*** SOURCE MATERIAL Section Begins ***
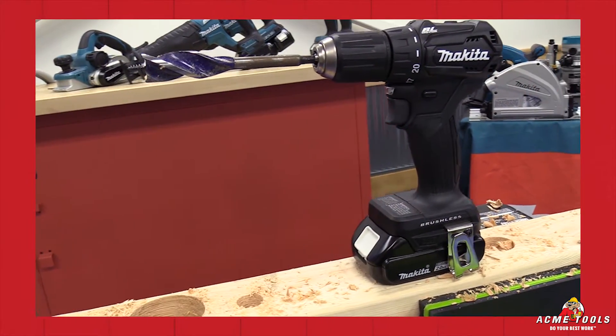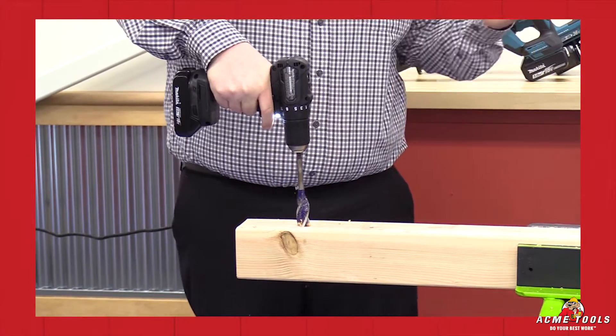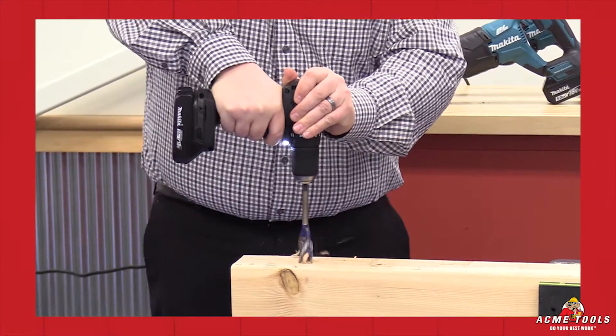This is a 7/8 inch speedboard bit. We're going to try it in second speed — it's too much work for it in second speed. Now let's put it in first, which is what you should be using.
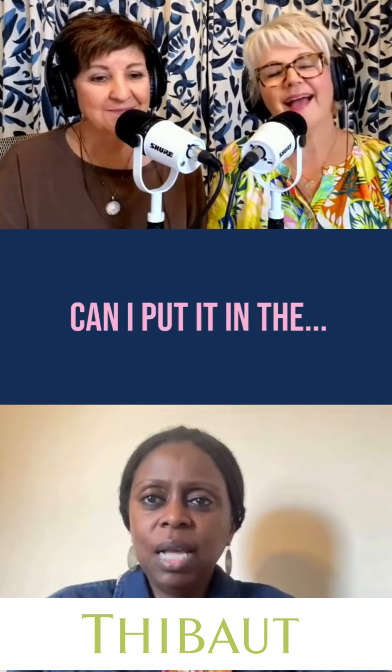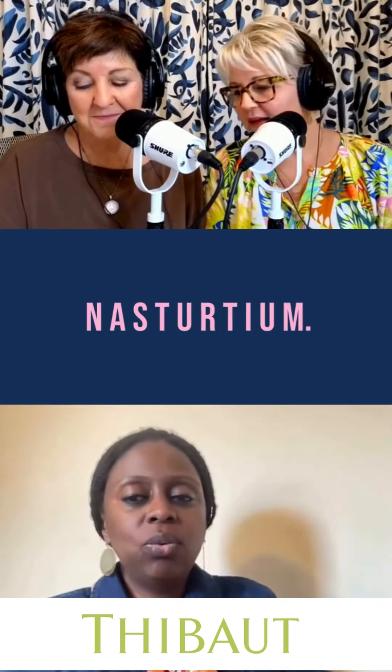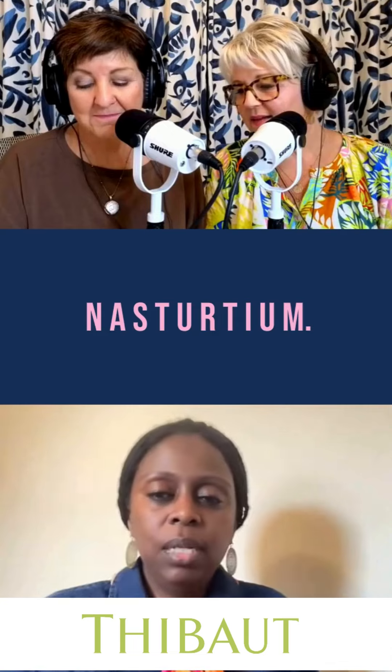I need you to spell that for me. Sure — N-A-S-T-U-R-T-I-U-M, nasturtiums.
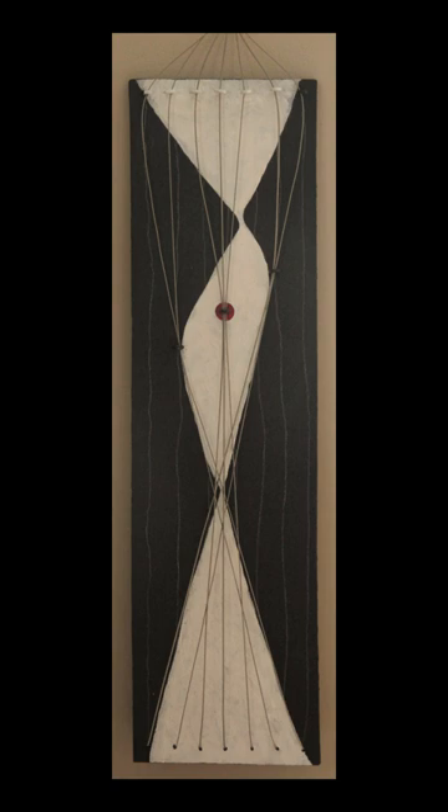In some respects, it is also a ready-made in the sense that the strings are ready-made, similar to Marcel Duchamp's bottle dryer or bicycle wheel. They are the inert essences of a utilitarian object, used in an art context.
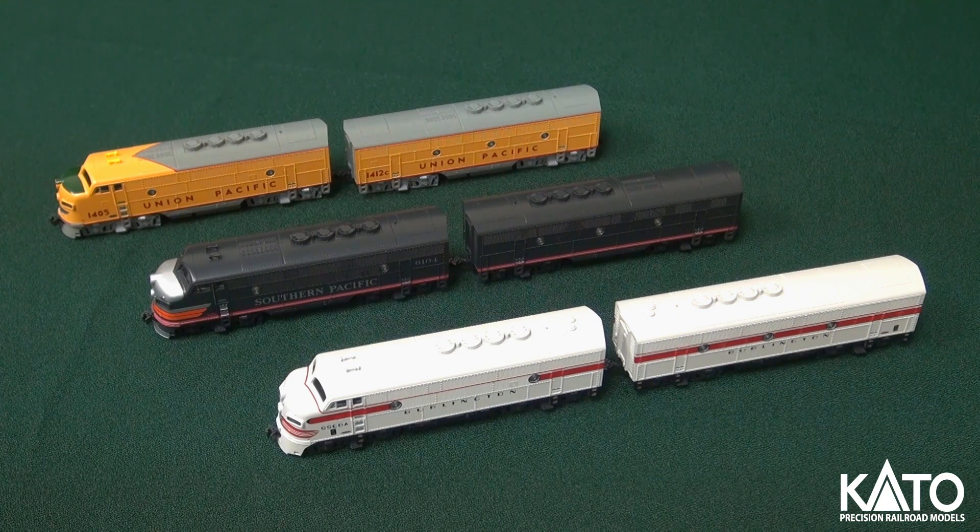New in HO these past few months, we have HO GP35s in Santa Fe and New York Central. They're coming in two different road numbers each. This locomotive was one that we did last in 1999, so it's been a long time coming. These are new paint schemes that we didn't do back then, so it's an ideal way for modelers to either pick up something they missed out on in the past or add something new to their collection.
*** SOURCE MATERIAL Section Ends ***
TASK DETAILS: Exclude the pictures. Write out the remaining data exactly.

ANSWER TO THIS PROBLEM:
This is a 7/8 inch speedboard bit. We're going to try it in second speed — it's too much work for it in second speed. Now let's put it in first, which is what you should be using.
I need you to spell that for me. Sure — N-A-S-T-U-R-T-I-U-M, nasturtiums.
In some respects, it is also a ready-made in the sense that the strings are ready-made, similar to Marcel Duchamp's bottle dryer or bicycle wheel. They are the inert essences of a utilitarian object, used in an art context.
New in HO these past few months, we have HO GP35s in Santa Fe and New York Central. They're coming in two different road numbers each. This locomotive was one that we did last in 1999, so it's been a long time coming. These are new paint schemes that we didn't do back then, so it's an ideal way for modelers to either pick up something they missed out on in the past or add something new to their collection.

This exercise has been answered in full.